New research headed by Sandro Franceschini and Andrea Facoetti examines whether the focus employed while playing action video games can improve the focus and reading ability of dyslexic children. To test this, they took 40 children that never played video games and had them play 12 hours of Rayman Raving Rabbids over two weeks. Half the children played only action minigames, while the other half played non-action minigames.
They found that playing action video games increased the reading ability of dyslexic children the equivalent of a years worth of schooling! Not only that, but the effect lasted for two months after the subjects stopped playing the game.
The authors suggest that the action video games improved the children’s reading ability by enhancing their ability to focus; a necessity to successfully play fast-paced video games. More work needs to be done, but can you imagine a more fun way for kids to combat dyslexia?
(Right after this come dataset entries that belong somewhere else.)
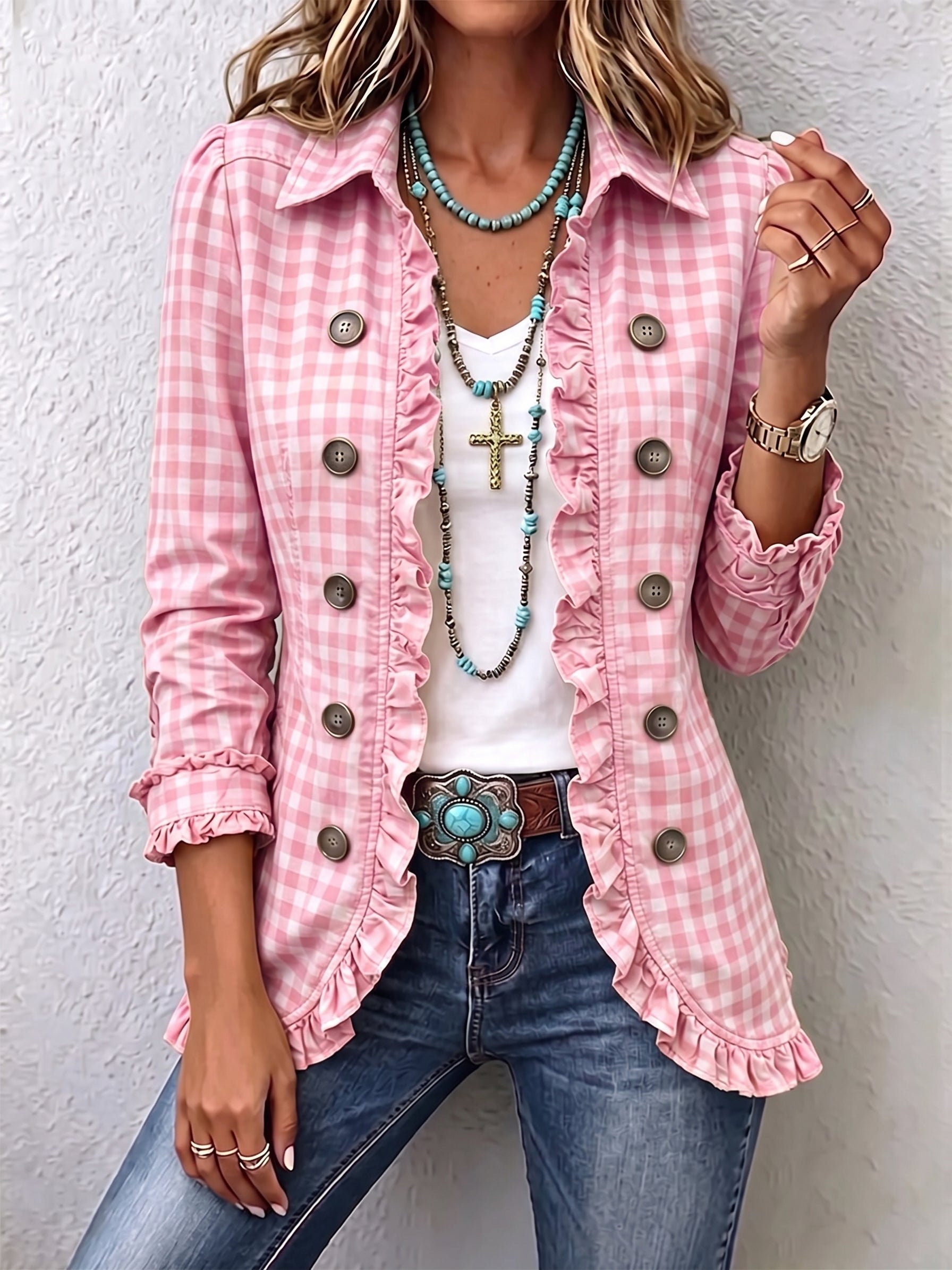 Pink gingham blazer with ruffled front, button details, long sleeves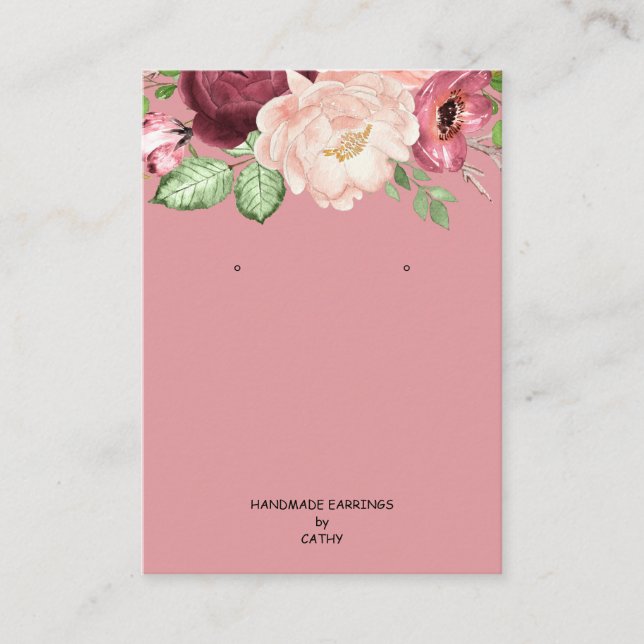 Pink Floral Earring Display Holder Card (Front)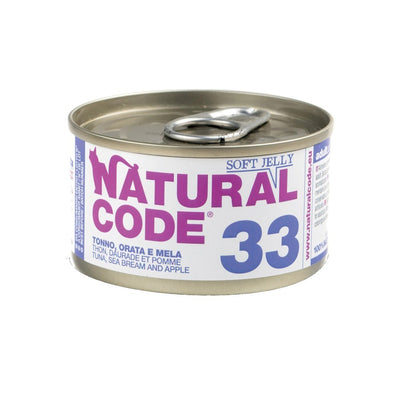 Scatoletta di alimento umido per gatti tonno, orata e mela Natural Code da 85 g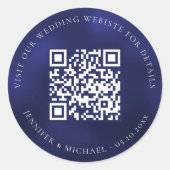 Bruiloft website QR details informatie rsvp blauw Ronde Sticker (Voorkant)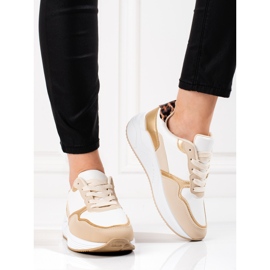 Scarpe sportive da donna Shelovet con stampa leopardata sul tallone beige 1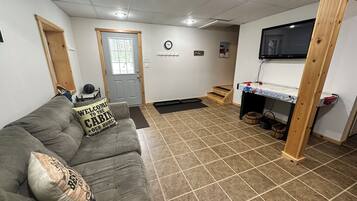 TV connectée, cheminée, livres, médiathÚque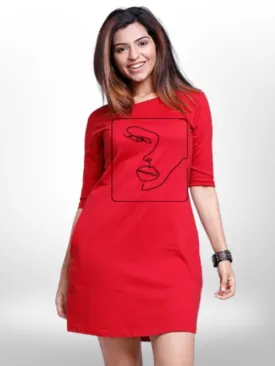 PRINTED ART WOMEN'S THREE QUARTER SLEEVE T-SHIRT SIDE POCKET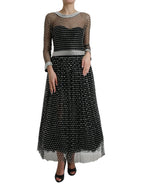 Dolce &amp; Gabbana Black Crystal Embellished A-line Gown Dress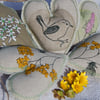 Wren and wild flower - 80 cm - Bunting, wall hanging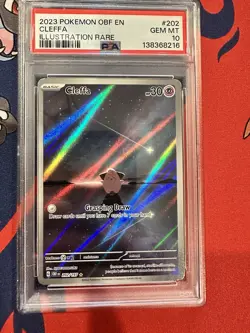 Pokemon SV03 Obsidian Flames Cleffa 202/197 Illustration Rare Holo PSA 10 EN - Image 1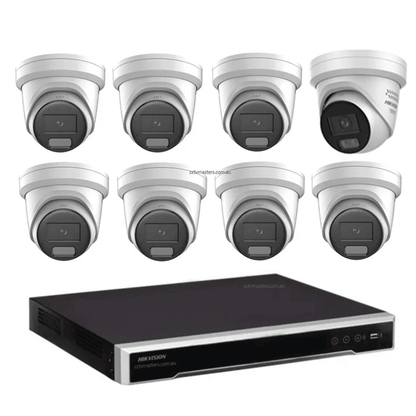 Hikvision Mix Camera Kit with 7 x 8MP AcuSense Turrets and 1 x 8MP NVR for enhanced security solutions.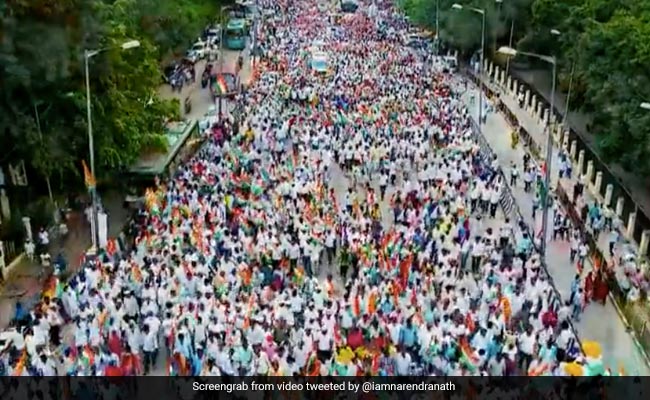 Watch: Karnataka Congress Takes Out Mega 'Freedom March' In Bengaluru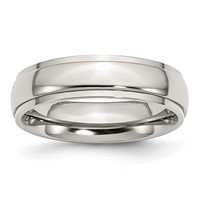 Chisel Stainless Steel Polished 6mm Ridged Edge Band view 1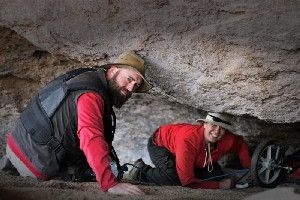 University of Calgary archaeologist Sonia Zarrillo uses ground penetrating radar at a Peruvian rock shelter. She is accompanied by Peter Leach, one of her co-authors for a new paper to be published in the October 24th edition of the academic journal Science.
You can read more about the study here:
Franceschini, S., Gori, S., Ruffino, M., Viola, S., Molteni, M., Facoetti, A., 2013. Video games make dyslexic children read better. Curr. Biol., 10.1016/j.cub.2013.1001.1044.
Summary
Learning to read is extremely difficult for about 10% of children; they are affected by a neurodevelopmental disorder called dyslexia. The neurocognitive causes of dyslexia are still hotly debated. Dyslexia remediation is far from being fully achieved, and the current treatments demand high levels of resources. Here, we demonstrate that only 12 hr of playing action video games—not involving any direct phonological or orthographic training—drastically improve the reading abilities of children with dyslexia. We tested reading, phonological, and attentional skills in two matched groups of children with dyslexia before and after they played action or nonaction video games for nine sessions of 80 min per day. We found that only playing action video games improved children’s reading speed, without any cost in accuracy, more so than 1 year of spontaneous reading development and more than or equal to highly demanding traditional reading treatments. Attentional skills also improved during action video game training. It has been demonstrated that action video games efficiently improve attention abilities; our results showed that this attention improvement can directly translate into better reading abilities, providing a new, fast, fun remediation of dyslexia that has theoretical relevance in unveiling the causal role of attention in reading acquisition.